Task objective → Set the pictures aside and transcribe exactly the lines from the one containing "Meisjes Shirt Longsleeve" through the final line of the records.
═════ Information ═════
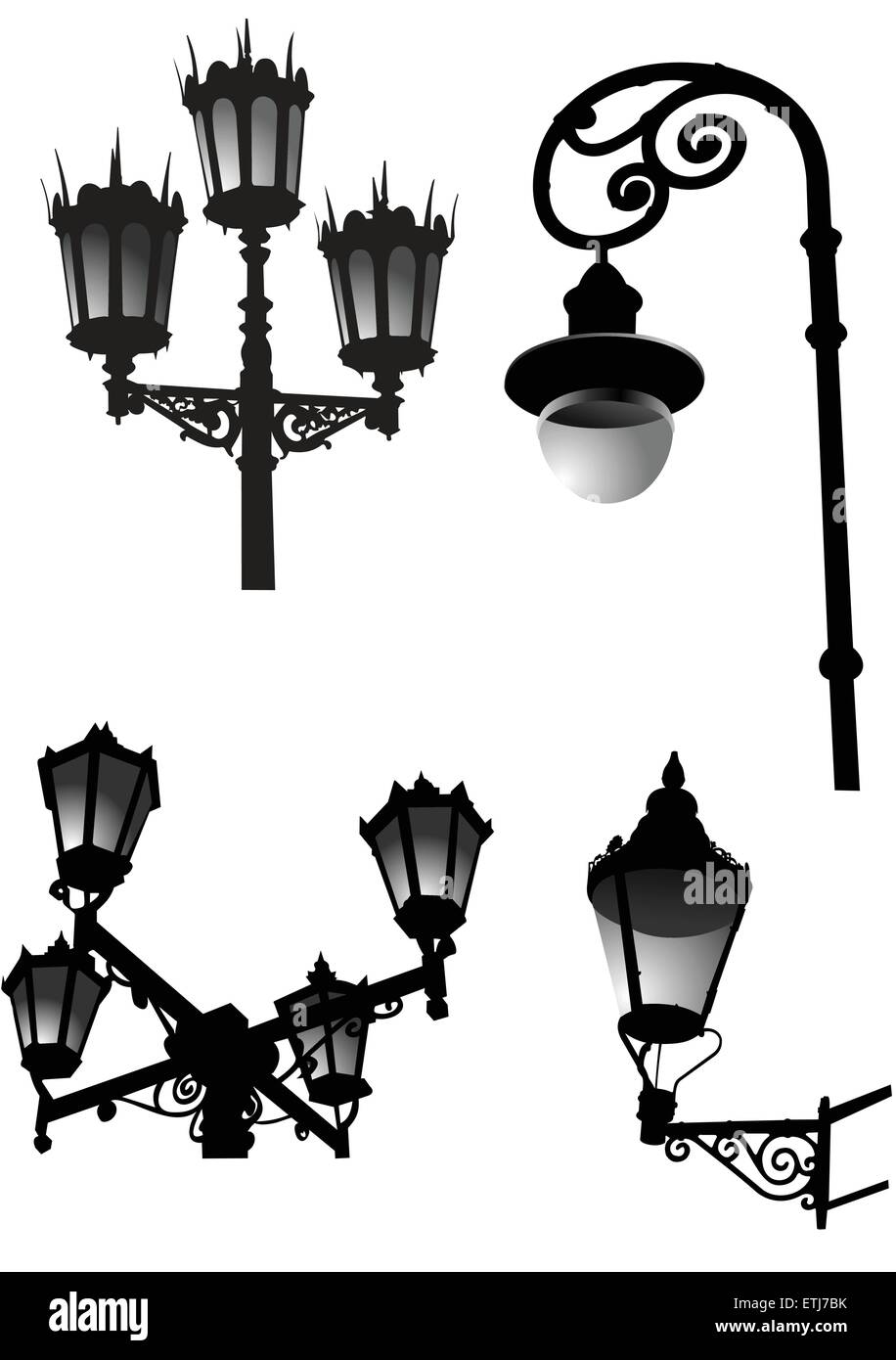 Calle y jardín lámparas de estilo antiguo. Ilustración vectorial Ilustración del Vector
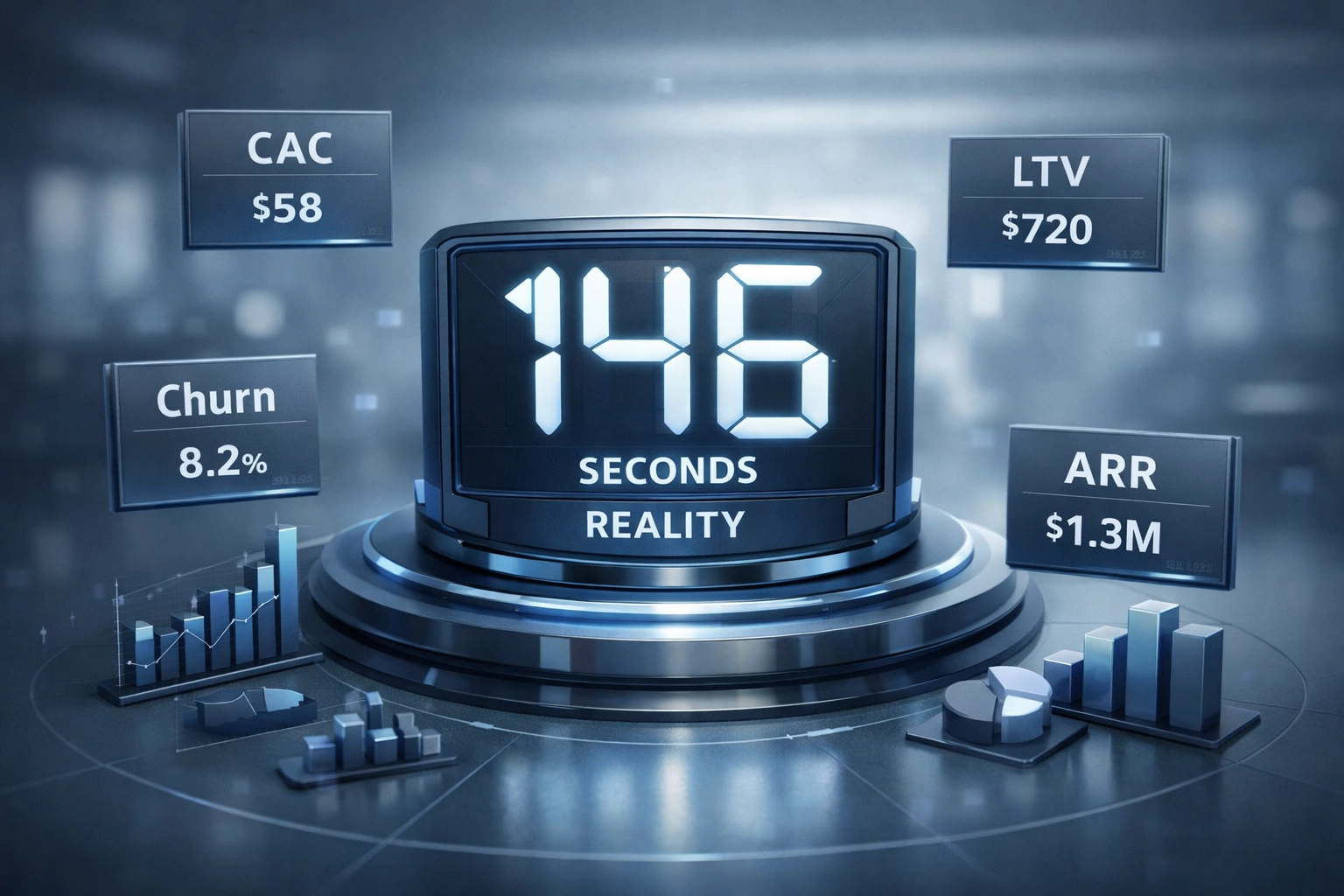 Sleek futuristic 3D countdown timer at 146 seconds surrounded by unit economics metric cards and financial charts in muted blue-gray tones.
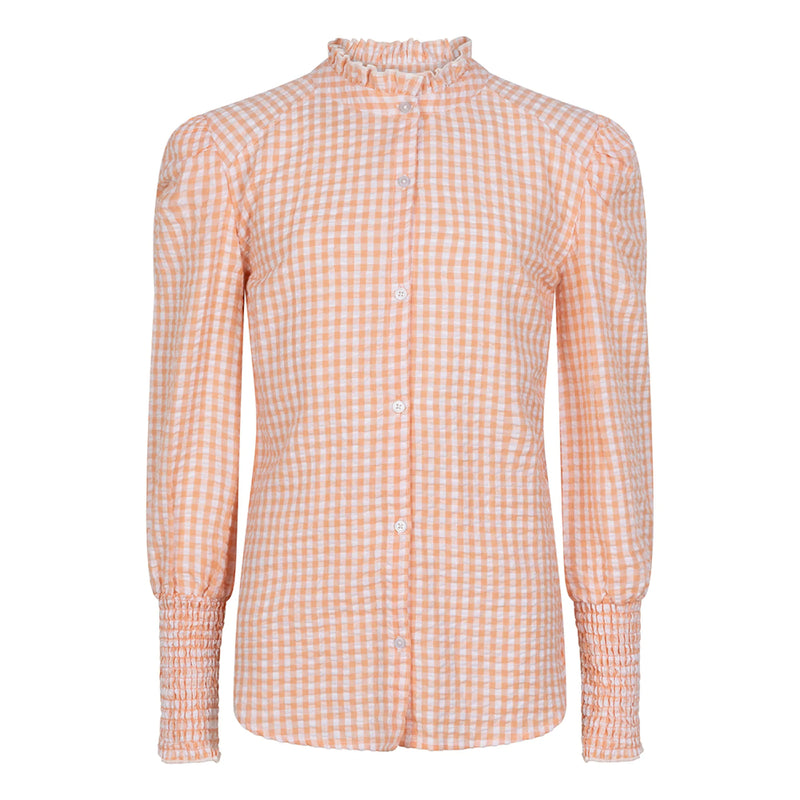 Meisjes Shirt Longsleeve Small Check van Indian Blue Jeans in de kleur Coral Peach in maat 176.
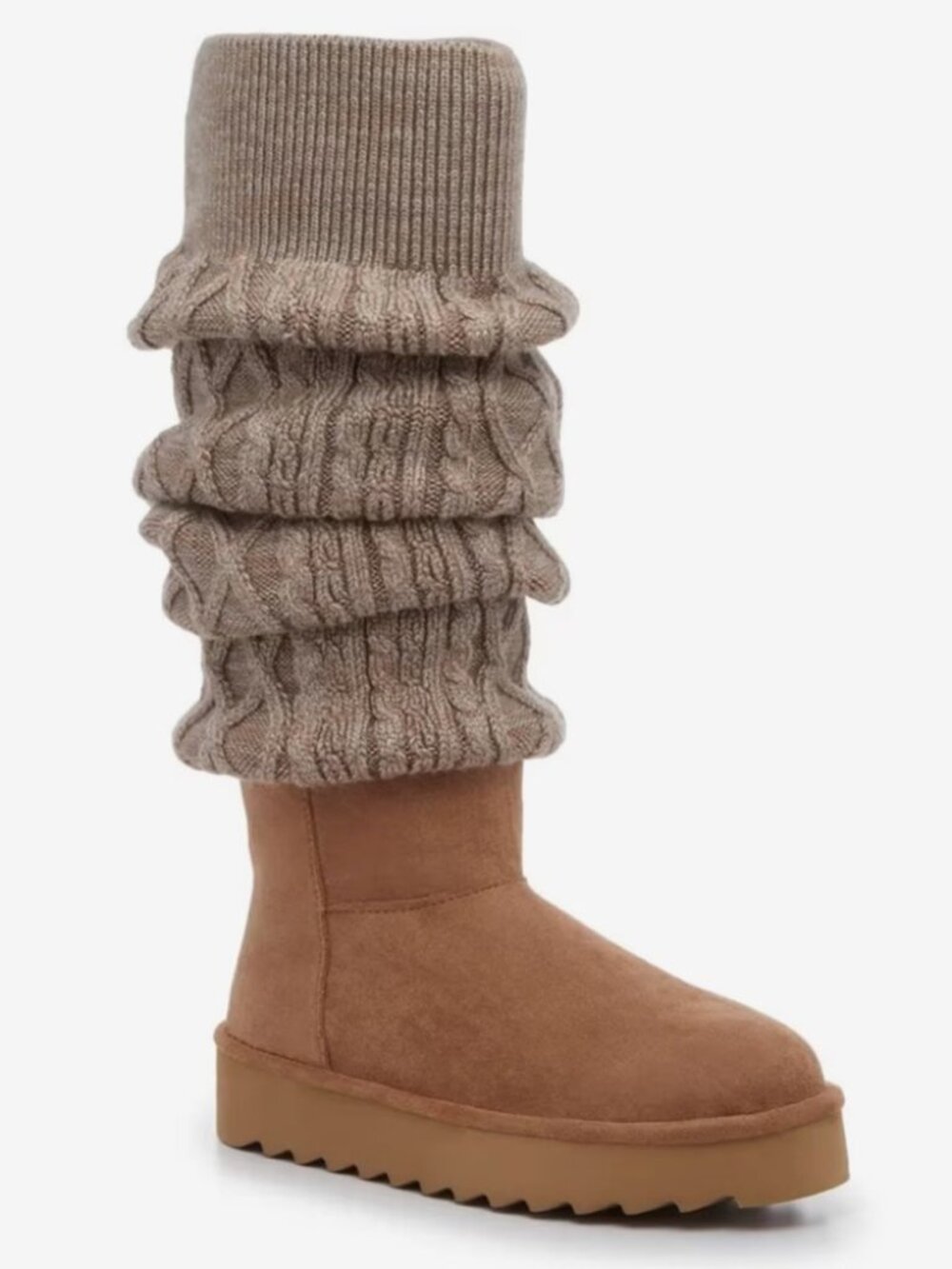 Madden Girl Peggyy Knee Thigh High Sweater Knit Slouch Boots Brown Faux Suede 8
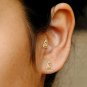 14k Gold Trapezium Spiral Tragus Lobe Helix Cartilage Earring Geometric Earring.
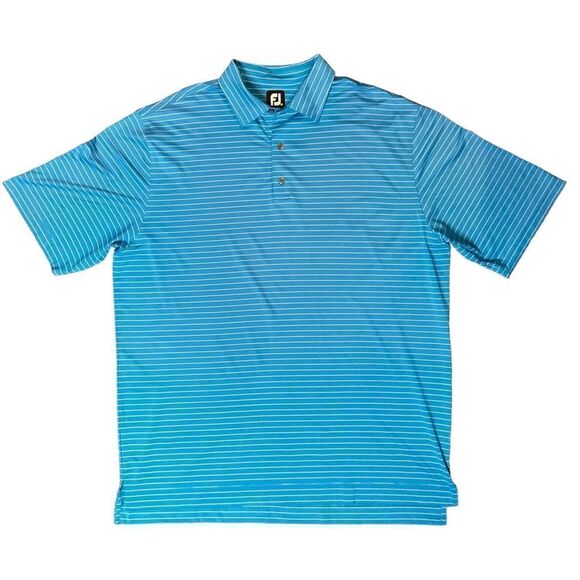 FootJoy Men Blue Striped‎ Pullover Golf Shirt Sz XXL. - Picture 1 of 10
═════
Answer area →
 Meisjes Shirt Longsleeve Small Check van Indian Blue Jeans in de kleur Coral Peach in maat 176.
 Madden Girl Peggyy Knee Thigh High Sweater Knit Slouch Boots Brown Faux Suede 8
 14k Gold Trapezium Spiral Tragus Lobe Helix Cartilage Earring Geometric Earring.
 FootJoy Men Blue Striped‎ Pullover Golf Shirt Sz XXL. - Picture 1 of 10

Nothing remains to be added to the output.